ABOUT THIS TASK:
Copy each line below word for word and drop every image.

DATA SEGMENT:

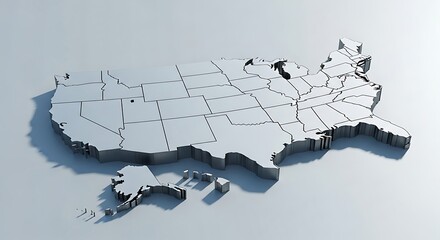 Metallic Silver 3D Map of the United States with Shadow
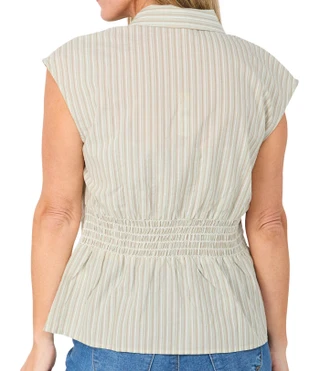 Thumbnail 2: MAX STUDIO Women's Short Sleeve Collared Button Down Shirt 
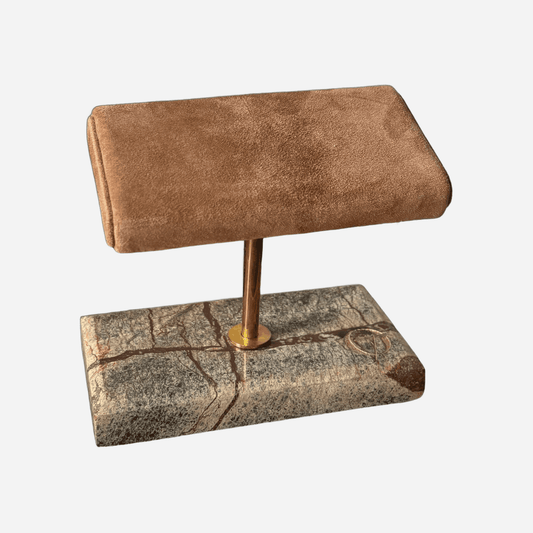 Old Fashioned Luxury marmer horlogestandaard 2-horloges Suede Bruin - cutout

PROBLEM SOLUTION:
 Metallic Silver 3D Map of the United States with Shadow
 Thumbnail 2: MAX STUDIO Women's Short Sleeve Collared Button Down Shirt 
 Old Fashioned Luxury marmer horlogestandaard 2-horloges Suede Bruin - cutout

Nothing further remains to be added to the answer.